WORK INSTRUCTIONS. Below are entries; copy exactly the lines from the one with "208 W 14th Ave., Naperville, IL 60563" through the one with "Photo of property", both included, and leave out the rest.

MATERIAL SUPPLIED.

[Start of section]

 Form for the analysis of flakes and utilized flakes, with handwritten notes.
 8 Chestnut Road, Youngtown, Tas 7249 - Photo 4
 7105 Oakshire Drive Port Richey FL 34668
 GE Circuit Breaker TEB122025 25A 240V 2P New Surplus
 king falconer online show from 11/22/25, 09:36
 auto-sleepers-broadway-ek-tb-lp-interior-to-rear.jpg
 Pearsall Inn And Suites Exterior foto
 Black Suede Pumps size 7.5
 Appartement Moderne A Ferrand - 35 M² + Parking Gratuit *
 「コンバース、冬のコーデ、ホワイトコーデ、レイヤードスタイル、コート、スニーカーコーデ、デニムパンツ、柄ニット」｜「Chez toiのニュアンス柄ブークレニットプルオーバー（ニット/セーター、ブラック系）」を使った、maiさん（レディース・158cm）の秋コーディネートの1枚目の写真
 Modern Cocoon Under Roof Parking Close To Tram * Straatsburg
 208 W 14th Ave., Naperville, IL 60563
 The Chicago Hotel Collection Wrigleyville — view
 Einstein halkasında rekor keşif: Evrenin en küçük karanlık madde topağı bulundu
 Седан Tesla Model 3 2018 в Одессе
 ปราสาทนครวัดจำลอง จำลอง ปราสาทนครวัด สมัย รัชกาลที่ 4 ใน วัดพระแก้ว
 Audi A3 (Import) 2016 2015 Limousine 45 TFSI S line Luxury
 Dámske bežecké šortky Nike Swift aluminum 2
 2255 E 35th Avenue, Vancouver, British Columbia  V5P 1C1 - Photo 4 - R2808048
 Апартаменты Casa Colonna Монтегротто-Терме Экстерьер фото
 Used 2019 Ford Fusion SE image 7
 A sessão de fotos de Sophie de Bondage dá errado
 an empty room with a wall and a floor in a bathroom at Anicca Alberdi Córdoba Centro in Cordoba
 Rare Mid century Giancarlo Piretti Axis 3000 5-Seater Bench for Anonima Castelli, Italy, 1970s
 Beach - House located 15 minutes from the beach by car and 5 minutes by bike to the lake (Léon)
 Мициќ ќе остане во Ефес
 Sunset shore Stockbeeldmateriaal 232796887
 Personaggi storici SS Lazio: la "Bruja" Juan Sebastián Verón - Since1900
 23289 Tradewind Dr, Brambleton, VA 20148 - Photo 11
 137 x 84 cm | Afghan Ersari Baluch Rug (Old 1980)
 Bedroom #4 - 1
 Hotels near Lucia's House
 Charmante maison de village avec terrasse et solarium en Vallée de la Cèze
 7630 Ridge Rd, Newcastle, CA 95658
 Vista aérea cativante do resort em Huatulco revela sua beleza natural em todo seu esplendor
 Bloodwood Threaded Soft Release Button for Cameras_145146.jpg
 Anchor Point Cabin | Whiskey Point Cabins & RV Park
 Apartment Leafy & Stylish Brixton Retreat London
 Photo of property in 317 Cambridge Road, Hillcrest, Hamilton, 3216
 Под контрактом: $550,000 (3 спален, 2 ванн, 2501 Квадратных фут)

[End of section]

EXERCISE RESPONSE.
 208 W 14th Ave., Naperville, IL 60563
 The Chicago Hotel Collection Wrigleyville — view
 Einstein halkasında rekor keşif: Evrenin en küçük karanlık madde topağı bulundu
 Седан Tesla Model 3 2018 в Одессе
 ปราสาทนครวัดจำลอง จำลอง ปราสาทนครวัด สมัย รัชกาลที่ 4 ใน วัดพระแก้ว
 Audi A3 (Import) 2016 2015 Limousine 45 TFSI S line Luxury
 Dámske bežecké šortky Nike Swift aluminum 2
 2255 E 35th Avenue, Vancouver, British Columbia  V5P 1C1 - Photo 4 - R2808048
 Апартаменты Casa Colonna Монтегротто-Терме Экстерьер фото
 Used 2019 Ford Fusion SE image 7
 A sessão de fotos de Sophie de Bondage dá errado
 an empty room with a wall and a floor in a bathroom at Anicca Alberdi Córdoba Centro in Cordoba
 Rare Mid century Giancarlo Piretti Axis 3000 5-Seater Bench for Anonima Castelli, Italy, 1970s
 Beach - House located 15 minutes from the beach by car and 5 minutes by bike to the lake (Léon)
 Мициќ ќе остане во Ефес
 Sunset shore Stockbeeldmateriaal 232796887
 Personaggi storici SS Lazio: la "Bruja" Juan Sebastián Verón - Since1900
 23289 Tradewind Dr, Brambleton, VA 20148 - Photo 11
 137 x 84 cm | Afghan Ersari Baluch Rug (Old 1980)
 Bedroom #4 - 1
 Hotels near Lucia's House
 Charmante maison de village avec terrasse et solarium en Vallée de la Cèze
 7630 Ridge Rd, Newcastle, CA 95658
 Vista aérea cativante do resort em Huatulco revela sua beleza natural em todo seu esplendor
 Bloodwood Threaded Soft Release Button for Cameras_145146.jpg
 Anchor Point Cabin | Whiskey Point Cabins & RV Park
 Apartment Leafy & Stylish Brixton Retreat London
 Photo of property in 317 Cambridge Road, Hillcrest, Hamilton, 3216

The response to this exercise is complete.